== Extracted entries ==
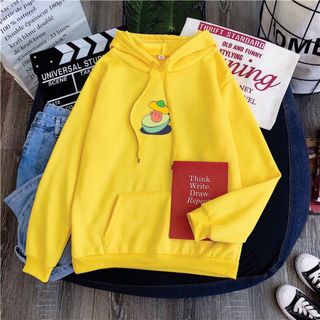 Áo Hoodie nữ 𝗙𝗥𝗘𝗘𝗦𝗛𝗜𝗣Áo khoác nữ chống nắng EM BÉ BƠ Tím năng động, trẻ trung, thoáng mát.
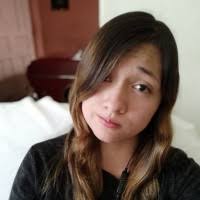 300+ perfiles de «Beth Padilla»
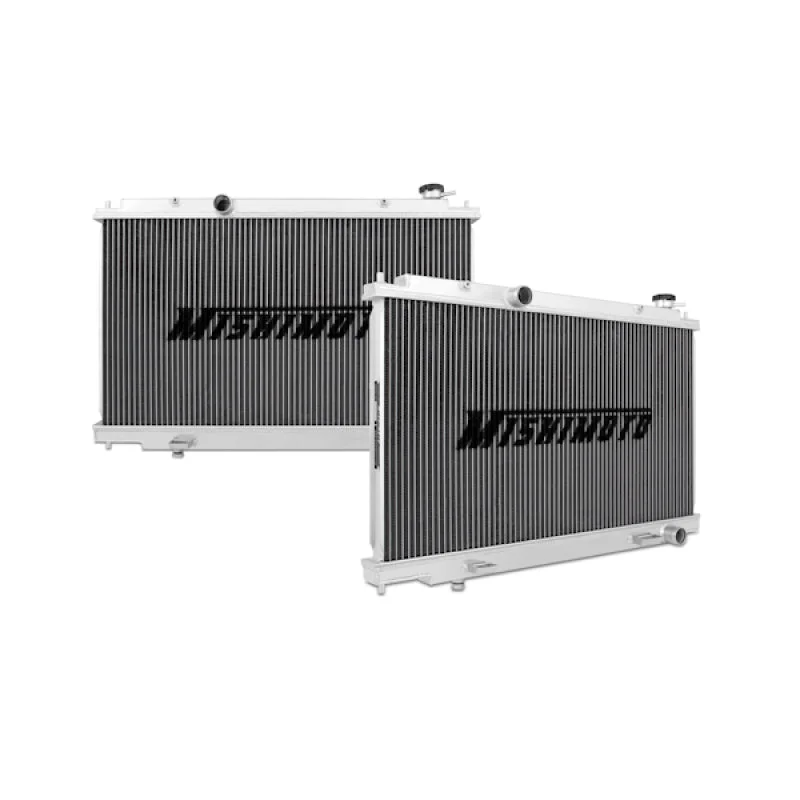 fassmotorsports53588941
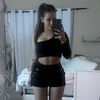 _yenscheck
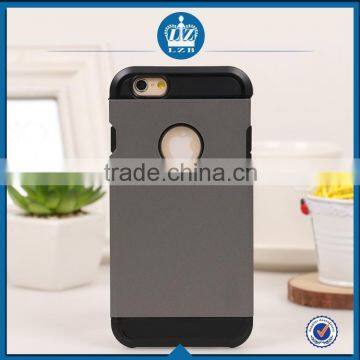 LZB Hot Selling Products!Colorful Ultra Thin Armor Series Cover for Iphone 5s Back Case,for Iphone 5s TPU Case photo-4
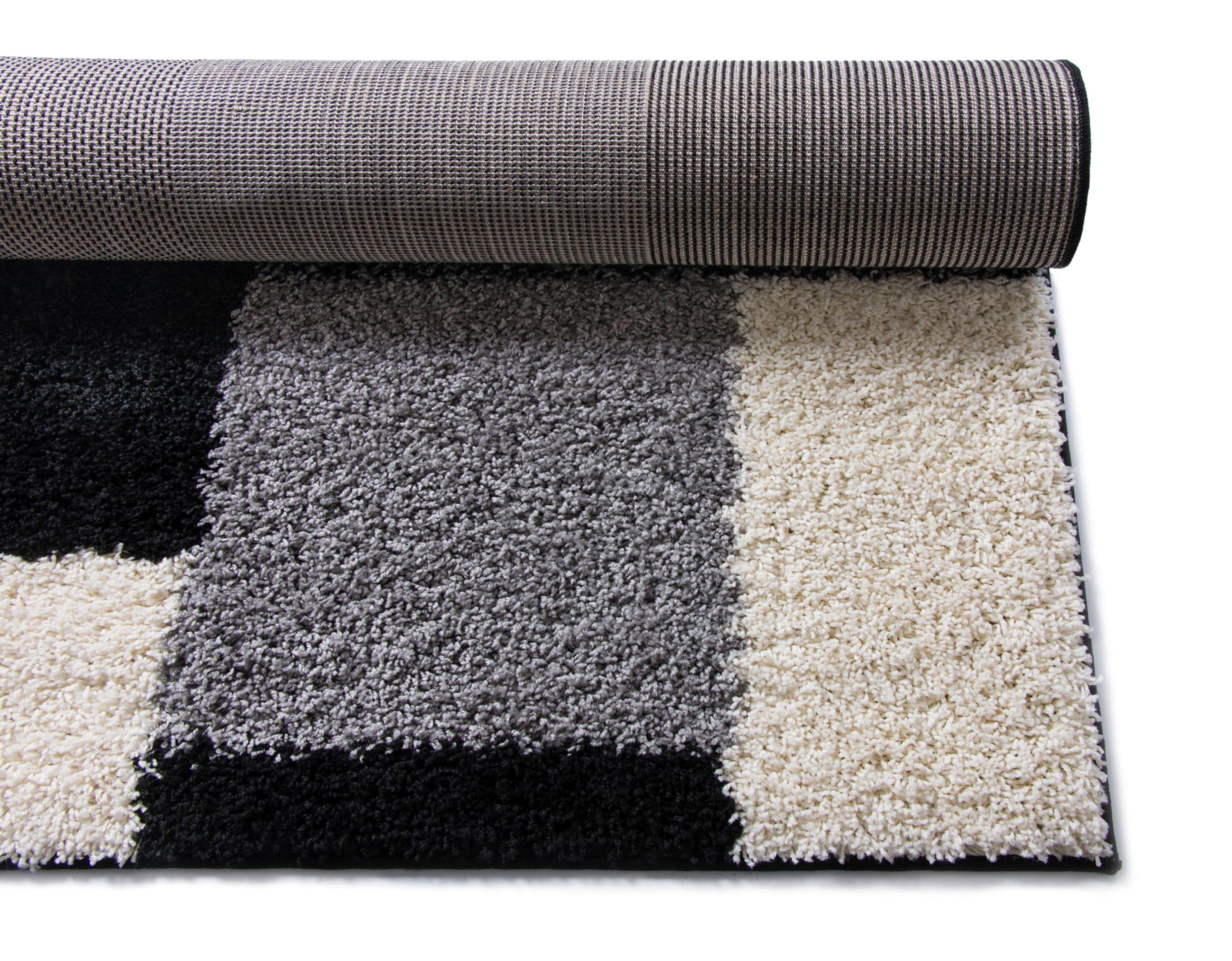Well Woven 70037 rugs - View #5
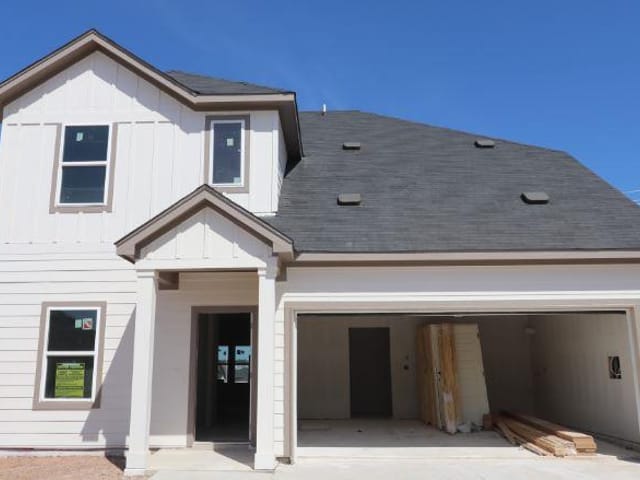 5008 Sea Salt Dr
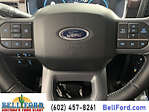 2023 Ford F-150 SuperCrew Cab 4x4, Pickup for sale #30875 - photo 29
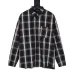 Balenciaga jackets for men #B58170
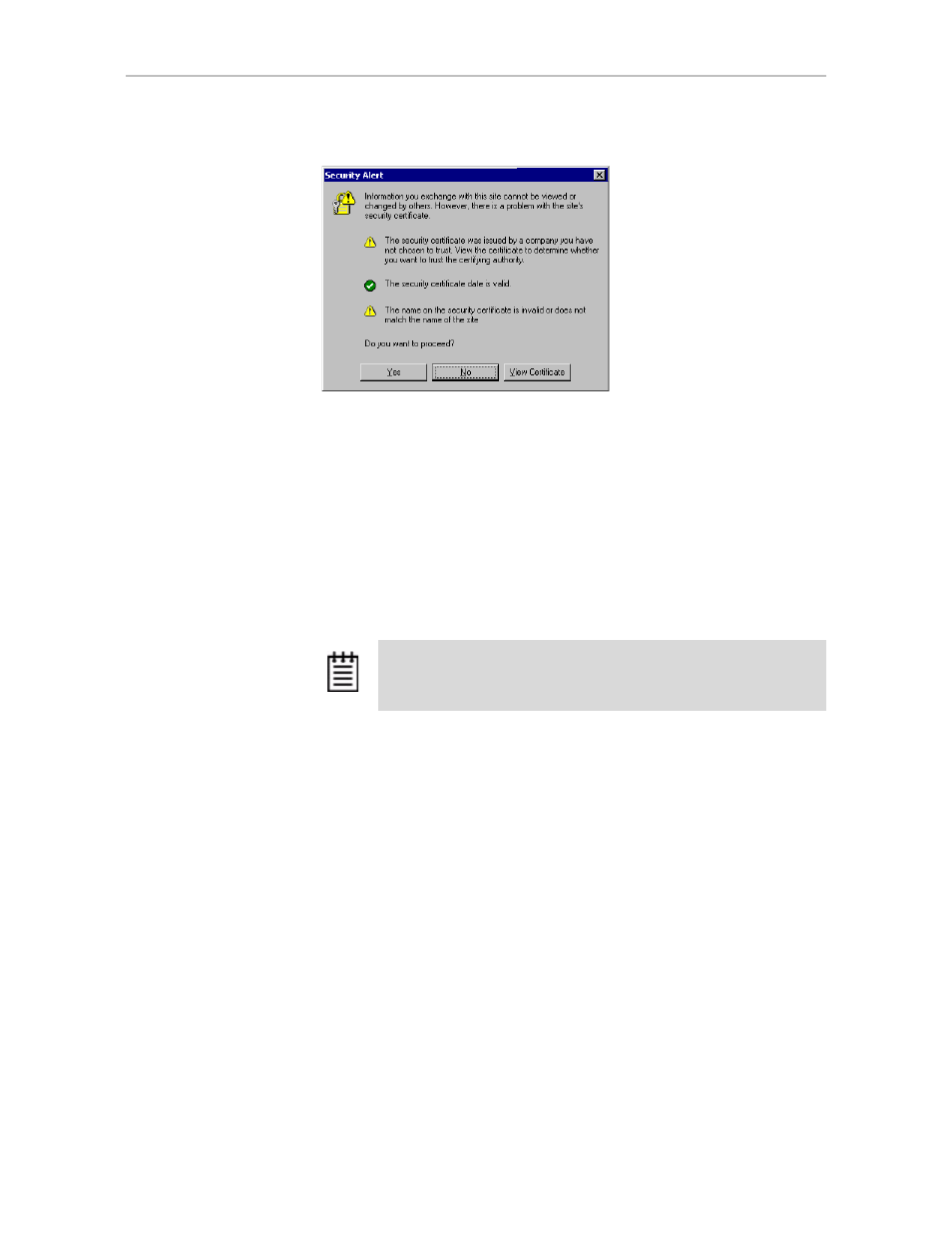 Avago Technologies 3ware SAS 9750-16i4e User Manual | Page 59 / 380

== What the task requires ==
Out of the records above, return only the lines from the one with "fassmotorsports53588941" through the one with "2023 Ford F-150", exactly, and none of the pictures.

== Output of the exercise ==
 fassmotorsports53588941
 _yenscheck
 LZB Hot Selling Products!Colorful Ultra Thin Armor Series Cover for Iphone 5s Back Case,for Iphone 5s TPU Case photo-4
Well Woven 70037 rugs - View #5
 5008 Sea Salt Dr
 2023 Ford F-150 SuperCrew Cab 4x4, Pickup for sale #30875 - photo 29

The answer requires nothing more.